The cap layer is made of a material containing phosphorus P component at a predetermined ratio. However, by providing a cap layer made of a material not containing phosphorus P on the upper layer of the cap layer, a single layer is formed. Phosphorus P during crystal thin film preparation
It prevents the evaporation of phosphorus P from the cap layer containing the components in a predetermined ratio, and provides good I in a constantly stable production state.
A single crystal thin film of nP can be manufactured.

If a layer for maintaining the affinity with the InP thin film is further provided between the substrate and the InP thin film,
A so-called bead-up phenomenon of the InP thin film can be prevented, and a better InP single crystal thin film can be formed.

[Brief description of drawings]

FIG. 1 is a schematic configuration diagram of a first embodiment of an apparatus for manufacturing a single crystal thin film according to the present invention.

FIG. 2 is a schematic configuration diagram of a second embodiment of an apparatus for manufacturing a single crystal thin film according to the present invention.

FIG. 3 is a schematic configuration diagram of a third embodiment of an apparatus for manufacturing a single crystal thin film according to the present invention.
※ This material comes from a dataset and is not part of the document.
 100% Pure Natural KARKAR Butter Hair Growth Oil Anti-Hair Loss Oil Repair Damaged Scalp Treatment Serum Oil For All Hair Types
FIG. 4 is a diagram for explaining a conventional method of manufacturing a single crystal thin film.

[Explanation of symbols]

 1 substrate 2 InP thin film 3 cap layer 4 layer 5 other cap layer 10 heating means

Claims (7)

[Claims] 1. InP to be prepared as a single crystal thin film
It has a heating means for heating and melting the thin film, a substrate for supporting the InP thin film, and a cap layer for suppressing evaporation of phosphorus P from the InP thin film when heating and melting the InP thin film. Characteristic single crystal thin film manufacturing equipment. 2. The single crystal according to claim 1, wherein the cap layer has a melting point higher than that of InP and is made of a material containing a phosphorus P component in a predetermined ratio. Thin film manufacturing equipment. 3. The apparatus for producing a single crystal thin film according to claim 2, wherein a cap layer made of a material not containing phosphorus P is further provided on the cap layer. 4. The layer according to claim 1, further comprising a layer for maintaining affinity with the InP thin film between the substrate and the InP thin film. Single crystal thin film manufacturing equipment. 5. An InP thin film is provided on a substrate, and a cap layer containing phosphorus P at a predetermined ratio is laid on the upper layer of the InP thin film, or the cap layer is provided on the upper layer of the InP thin film. A layer containing a predetermined proportion of the substrate and In
A method for producing a single crystal thin film, which is also provided between the P thin film and the InP thin film in this state is heated and melted to form an InP single crystal thin film by a zone melting method. 6. The method according to claim 5, wherein when a layer is provided between the substrate and the InP thin film, the surface of the layer facing the InP thin film contains a large amount of In and P. Method for manufacturing single crystal thin film of. 7. A layer of a material not containing phosphorus is further provided on the upper surface of the cap layer overlaid on the InP thin film,
7. The method for producing a single crystal thin film according to claim 5, wherein the external atmosphere is further applied with a partial pressure of phosphorus P to form the InP single crystal thin film.